The following paper was presented at Micro 2014:

47th International Symposium on Microarchitecture
Cambridge, United Kingdom
December 13-17, 2014

• Locality-Aware Mapping of Nested Parallel Patterns on GPUs

  HyoukJoong Lee, Kevin J. Brown, Arvind K. Sujeeth, Tiark Rompf, and Kunle Olukotun

  Recent work has explored using higher level languages to improve programmer productivity on GPUs. These languages often utilize high level computation patterns (e.g., Map and Reduce) that encode parallel semantics to enable automatic compilation to GPU kernels. However, the problem of efficiently mapping patterns to GPU hardware becomes significantly more difficult when the patterns are nested, which is common in nontrivial applications. To address this issue, we present a general analysis framework for automatically and efficiently mapping nested patterns onto GPUs.
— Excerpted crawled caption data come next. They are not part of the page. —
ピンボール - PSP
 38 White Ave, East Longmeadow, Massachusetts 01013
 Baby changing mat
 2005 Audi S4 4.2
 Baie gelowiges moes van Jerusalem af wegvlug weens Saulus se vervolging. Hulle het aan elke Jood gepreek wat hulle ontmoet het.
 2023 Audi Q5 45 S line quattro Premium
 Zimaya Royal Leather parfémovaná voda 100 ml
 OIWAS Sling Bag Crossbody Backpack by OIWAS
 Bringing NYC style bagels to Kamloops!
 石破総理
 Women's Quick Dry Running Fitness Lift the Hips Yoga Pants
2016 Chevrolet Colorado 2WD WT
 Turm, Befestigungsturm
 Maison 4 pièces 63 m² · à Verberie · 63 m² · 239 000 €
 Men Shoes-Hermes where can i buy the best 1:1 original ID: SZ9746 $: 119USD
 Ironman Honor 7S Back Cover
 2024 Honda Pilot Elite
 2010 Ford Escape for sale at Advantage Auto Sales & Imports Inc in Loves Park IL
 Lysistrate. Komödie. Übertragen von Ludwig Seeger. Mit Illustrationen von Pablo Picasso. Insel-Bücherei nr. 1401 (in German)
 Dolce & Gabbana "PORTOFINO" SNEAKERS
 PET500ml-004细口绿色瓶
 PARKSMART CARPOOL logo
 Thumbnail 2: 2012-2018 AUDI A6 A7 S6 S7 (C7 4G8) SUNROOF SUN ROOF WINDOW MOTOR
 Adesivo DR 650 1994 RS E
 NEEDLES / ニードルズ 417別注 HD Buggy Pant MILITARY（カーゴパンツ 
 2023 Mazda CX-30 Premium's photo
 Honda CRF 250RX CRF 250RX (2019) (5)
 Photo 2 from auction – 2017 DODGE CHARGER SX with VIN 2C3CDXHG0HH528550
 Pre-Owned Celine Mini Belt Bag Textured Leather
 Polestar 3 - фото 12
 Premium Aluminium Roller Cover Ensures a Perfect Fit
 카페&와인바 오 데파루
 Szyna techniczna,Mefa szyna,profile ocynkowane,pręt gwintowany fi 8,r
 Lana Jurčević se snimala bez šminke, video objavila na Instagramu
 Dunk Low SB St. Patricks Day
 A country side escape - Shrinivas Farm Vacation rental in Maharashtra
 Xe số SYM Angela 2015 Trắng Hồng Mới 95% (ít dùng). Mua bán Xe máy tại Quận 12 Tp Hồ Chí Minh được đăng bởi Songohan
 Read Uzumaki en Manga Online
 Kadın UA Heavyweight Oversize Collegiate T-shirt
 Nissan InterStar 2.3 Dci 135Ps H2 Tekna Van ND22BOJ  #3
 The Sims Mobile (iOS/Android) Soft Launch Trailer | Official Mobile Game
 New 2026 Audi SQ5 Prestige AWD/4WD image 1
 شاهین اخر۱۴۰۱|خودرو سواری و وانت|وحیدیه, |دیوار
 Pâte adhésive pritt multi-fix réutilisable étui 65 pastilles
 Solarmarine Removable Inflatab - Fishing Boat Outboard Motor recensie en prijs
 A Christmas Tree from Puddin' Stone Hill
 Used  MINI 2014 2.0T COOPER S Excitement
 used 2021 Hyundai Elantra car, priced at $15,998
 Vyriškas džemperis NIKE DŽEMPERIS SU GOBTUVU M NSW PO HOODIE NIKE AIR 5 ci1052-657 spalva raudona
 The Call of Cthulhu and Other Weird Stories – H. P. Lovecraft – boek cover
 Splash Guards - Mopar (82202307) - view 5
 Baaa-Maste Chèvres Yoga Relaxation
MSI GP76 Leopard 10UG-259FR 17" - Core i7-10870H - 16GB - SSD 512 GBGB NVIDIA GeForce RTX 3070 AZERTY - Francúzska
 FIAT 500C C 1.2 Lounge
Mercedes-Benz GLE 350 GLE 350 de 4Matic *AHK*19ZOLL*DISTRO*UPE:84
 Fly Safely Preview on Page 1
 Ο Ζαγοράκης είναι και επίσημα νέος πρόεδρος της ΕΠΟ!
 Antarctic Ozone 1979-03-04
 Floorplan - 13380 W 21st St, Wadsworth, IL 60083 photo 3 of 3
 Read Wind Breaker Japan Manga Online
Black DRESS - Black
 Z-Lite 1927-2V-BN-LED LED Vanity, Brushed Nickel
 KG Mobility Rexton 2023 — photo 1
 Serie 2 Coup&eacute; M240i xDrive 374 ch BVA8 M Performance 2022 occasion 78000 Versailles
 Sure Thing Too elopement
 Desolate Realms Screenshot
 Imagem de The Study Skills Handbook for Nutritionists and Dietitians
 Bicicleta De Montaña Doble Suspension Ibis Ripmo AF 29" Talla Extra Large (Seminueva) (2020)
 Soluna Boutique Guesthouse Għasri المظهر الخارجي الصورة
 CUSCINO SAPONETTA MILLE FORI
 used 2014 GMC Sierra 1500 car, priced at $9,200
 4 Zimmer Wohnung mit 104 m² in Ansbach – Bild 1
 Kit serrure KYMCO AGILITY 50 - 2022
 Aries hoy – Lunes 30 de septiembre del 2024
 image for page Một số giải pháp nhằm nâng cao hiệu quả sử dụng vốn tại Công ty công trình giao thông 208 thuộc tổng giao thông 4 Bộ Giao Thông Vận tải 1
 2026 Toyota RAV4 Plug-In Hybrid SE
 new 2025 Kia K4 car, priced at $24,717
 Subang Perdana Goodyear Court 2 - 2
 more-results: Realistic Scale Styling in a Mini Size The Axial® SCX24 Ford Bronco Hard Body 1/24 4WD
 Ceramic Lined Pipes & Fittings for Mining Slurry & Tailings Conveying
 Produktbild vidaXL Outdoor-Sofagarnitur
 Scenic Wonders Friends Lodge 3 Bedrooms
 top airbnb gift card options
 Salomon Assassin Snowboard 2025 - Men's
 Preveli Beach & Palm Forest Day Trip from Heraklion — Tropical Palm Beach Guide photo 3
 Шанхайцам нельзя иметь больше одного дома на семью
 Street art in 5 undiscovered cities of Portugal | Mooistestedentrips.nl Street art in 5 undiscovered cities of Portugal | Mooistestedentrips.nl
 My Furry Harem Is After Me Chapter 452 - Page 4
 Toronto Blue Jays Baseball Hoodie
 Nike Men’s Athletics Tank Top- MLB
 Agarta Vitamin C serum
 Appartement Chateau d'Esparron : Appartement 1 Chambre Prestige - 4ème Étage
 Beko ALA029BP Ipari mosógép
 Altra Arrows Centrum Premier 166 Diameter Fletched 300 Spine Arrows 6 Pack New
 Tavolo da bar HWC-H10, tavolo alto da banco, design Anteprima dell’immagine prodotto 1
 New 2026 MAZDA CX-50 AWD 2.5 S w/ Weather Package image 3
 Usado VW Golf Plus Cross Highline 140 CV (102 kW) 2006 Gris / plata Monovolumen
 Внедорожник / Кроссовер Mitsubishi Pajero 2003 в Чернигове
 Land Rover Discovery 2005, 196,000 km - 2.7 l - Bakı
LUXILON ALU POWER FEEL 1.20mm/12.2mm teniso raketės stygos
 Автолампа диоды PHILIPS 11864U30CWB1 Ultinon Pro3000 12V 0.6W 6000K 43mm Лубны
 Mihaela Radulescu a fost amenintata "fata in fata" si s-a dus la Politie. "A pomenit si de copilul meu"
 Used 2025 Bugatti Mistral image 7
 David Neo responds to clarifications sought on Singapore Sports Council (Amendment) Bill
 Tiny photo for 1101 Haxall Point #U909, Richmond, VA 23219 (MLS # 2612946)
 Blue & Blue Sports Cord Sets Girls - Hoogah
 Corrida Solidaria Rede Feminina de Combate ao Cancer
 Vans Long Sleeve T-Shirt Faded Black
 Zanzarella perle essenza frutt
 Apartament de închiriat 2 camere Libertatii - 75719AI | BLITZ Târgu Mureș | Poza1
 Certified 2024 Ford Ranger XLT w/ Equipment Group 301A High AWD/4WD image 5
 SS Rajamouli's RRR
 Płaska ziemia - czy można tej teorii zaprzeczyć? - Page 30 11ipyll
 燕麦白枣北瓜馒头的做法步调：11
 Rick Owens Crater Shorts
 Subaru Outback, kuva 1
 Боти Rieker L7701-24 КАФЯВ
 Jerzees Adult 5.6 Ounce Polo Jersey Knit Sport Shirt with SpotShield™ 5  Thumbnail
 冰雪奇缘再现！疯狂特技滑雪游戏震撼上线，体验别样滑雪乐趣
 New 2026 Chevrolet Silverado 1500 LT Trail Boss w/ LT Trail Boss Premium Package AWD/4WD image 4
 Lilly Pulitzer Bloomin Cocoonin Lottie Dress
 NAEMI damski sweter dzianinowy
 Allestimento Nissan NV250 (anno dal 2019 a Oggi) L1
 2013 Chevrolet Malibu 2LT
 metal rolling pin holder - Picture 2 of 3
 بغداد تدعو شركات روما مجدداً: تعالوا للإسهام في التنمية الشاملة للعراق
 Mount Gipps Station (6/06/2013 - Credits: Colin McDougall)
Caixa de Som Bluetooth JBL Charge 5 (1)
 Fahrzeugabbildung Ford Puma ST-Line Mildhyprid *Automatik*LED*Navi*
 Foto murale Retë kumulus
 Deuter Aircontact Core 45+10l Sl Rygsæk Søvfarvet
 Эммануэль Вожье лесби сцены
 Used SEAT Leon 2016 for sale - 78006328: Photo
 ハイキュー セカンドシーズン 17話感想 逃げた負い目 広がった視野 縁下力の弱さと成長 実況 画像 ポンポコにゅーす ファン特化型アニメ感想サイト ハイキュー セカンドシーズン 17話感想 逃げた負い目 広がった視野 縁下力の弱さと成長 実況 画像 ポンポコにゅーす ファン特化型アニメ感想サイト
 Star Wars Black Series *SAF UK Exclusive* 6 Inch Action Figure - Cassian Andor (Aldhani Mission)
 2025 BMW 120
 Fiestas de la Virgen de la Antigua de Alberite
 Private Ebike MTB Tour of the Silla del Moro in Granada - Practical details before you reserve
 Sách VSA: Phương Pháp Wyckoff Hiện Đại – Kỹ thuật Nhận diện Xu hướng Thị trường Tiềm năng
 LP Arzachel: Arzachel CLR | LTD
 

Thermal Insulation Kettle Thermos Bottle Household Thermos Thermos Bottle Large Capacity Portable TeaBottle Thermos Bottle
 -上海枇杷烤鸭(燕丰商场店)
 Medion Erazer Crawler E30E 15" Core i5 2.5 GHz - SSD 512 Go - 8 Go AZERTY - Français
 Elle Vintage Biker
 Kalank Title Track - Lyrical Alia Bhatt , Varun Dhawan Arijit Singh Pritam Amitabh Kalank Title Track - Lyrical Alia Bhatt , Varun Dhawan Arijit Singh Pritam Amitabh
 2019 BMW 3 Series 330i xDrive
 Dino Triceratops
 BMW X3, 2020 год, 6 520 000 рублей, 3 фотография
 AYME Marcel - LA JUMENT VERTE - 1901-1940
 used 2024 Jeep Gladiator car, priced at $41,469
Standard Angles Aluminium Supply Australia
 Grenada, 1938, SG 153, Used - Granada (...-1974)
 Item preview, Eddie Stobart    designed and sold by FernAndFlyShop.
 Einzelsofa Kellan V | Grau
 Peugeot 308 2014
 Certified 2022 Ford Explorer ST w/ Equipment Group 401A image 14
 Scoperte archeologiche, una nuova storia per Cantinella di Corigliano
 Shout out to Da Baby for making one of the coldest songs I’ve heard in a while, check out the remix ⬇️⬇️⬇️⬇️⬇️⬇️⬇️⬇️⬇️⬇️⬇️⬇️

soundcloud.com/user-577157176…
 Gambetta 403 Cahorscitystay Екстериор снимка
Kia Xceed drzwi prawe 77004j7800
The analysis maps nested patterns onto a logical multidimensional domain and parameterizes the block size and degree of parallelism in each dimension. We then add GPU-specific hard and soft constraints to prune the space of possible mappings and select the best mapping. We also perform multiple compiler optimizations that are guided by the mapping to avoid dynamic memory allocations and automatically utilize shared memory within GPU kernels. We compare the performance of our automatically selected mappings to hand-optimized implementations on multiple benchmarks and show that the average performance gap on 7 out of 8 benchmarks is 24%. Furthermore, our mapping strategy outperforms simple 1D mappings and existing 2D mappings by up to 28.6x and 9.6x respectively.
  Paper PDF

Who We Are

The Stanford Pervasive Parallelism Lab is a collaboration of many leading Stanford computer scientists and electrical engineers for the purpose of developing the parallel computing platform for the year 2020. We are supported by a completely open industrial affiliates program.

What We Do

The core of our research agenda is to allow the domain expert to develop parallel software without becoming an expert in parallel programming. Our approach is to use a layered system based on DSLs, a common parallel compiler and runtime infrastructure, and an underlying architecture that provides efficient mechanisms for communication, synchronization, and performance monitoring.